***** Source data *****

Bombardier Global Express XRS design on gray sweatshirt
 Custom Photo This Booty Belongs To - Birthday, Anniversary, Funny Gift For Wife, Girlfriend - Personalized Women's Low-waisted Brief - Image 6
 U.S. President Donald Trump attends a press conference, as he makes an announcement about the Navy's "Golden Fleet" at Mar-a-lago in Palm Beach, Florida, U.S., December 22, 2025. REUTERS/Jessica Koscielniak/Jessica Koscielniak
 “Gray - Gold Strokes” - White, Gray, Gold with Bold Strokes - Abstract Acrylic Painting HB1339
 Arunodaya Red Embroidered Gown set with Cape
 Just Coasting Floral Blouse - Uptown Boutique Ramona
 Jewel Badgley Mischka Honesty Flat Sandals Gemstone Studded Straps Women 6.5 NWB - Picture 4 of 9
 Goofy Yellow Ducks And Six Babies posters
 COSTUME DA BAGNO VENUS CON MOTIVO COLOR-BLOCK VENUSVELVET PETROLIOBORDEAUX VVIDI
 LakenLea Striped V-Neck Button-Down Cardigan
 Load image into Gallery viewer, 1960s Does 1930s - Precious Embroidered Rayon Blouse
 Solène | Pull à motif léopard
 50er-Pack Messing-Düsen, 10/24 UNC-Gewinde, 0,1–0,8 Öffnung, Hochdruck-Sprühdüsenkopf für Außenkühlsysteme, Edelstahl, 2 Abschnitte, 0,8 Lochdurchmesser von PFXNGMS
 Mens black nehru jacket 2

*****

Print out the full listing above, word for word.

Output:
Bombardier Global Express XRS design on gray sweatshirt
 Custom Photo This Booty Belongs To - Birthday, Anniversary, Funny Gift For Wife, Girlfriend - Personalized Women's Low-waisted Brief - Image 6
 U.S. President Donald Trump attends a press conference, as he makes an announcement about the Navy's "Golden Fleet" at Mar-a-lago in Palm Beach, Florida, U.S., December 22, 2025. REUTERS/Jessica Koscielniak/Jessica Koscielniak
 “Gray - Gold Strokes” - White, Gray, Gold with Bold Strokes - Abstract Acrylic Painting HB1339
 Arunodaya Red Embroidered Gown set with Cape
 Just Coasting Floral Blouse - Uptown Boutique Ramona
 Jewel Badgley Mischka Honesty Flat Sandals Gemstone Studded Straps Women 6.5 NWB - Picture 4 of 9
 Goofy Yellow Ducks And Six Babies posters
 COSTUME DA BAGNO VENUS CON MOTIVO COLOR-BLOCK VENUSVELVET PETROLIOBORDEAUX VVIDI
 LakenLea Striped V-Neck Button-Down Cardigan
 Load image into Gallery viewer, 1960s Does 1930s - Precious Embroidered Rayon Blouse
 Solène | Pull à motif léopard
 50er-Pack Messing-Düsen, 10/24 UNC-Gewinde, 0,1–0,8 Öffnung, Hochdruck-Sprühdüsenkopf für Außenkühlsysteme, Edelstahl, 2 Abschnitte, 0,8 Lochdurchmesser von PFXNGMS
 Mens black nehru jacket 2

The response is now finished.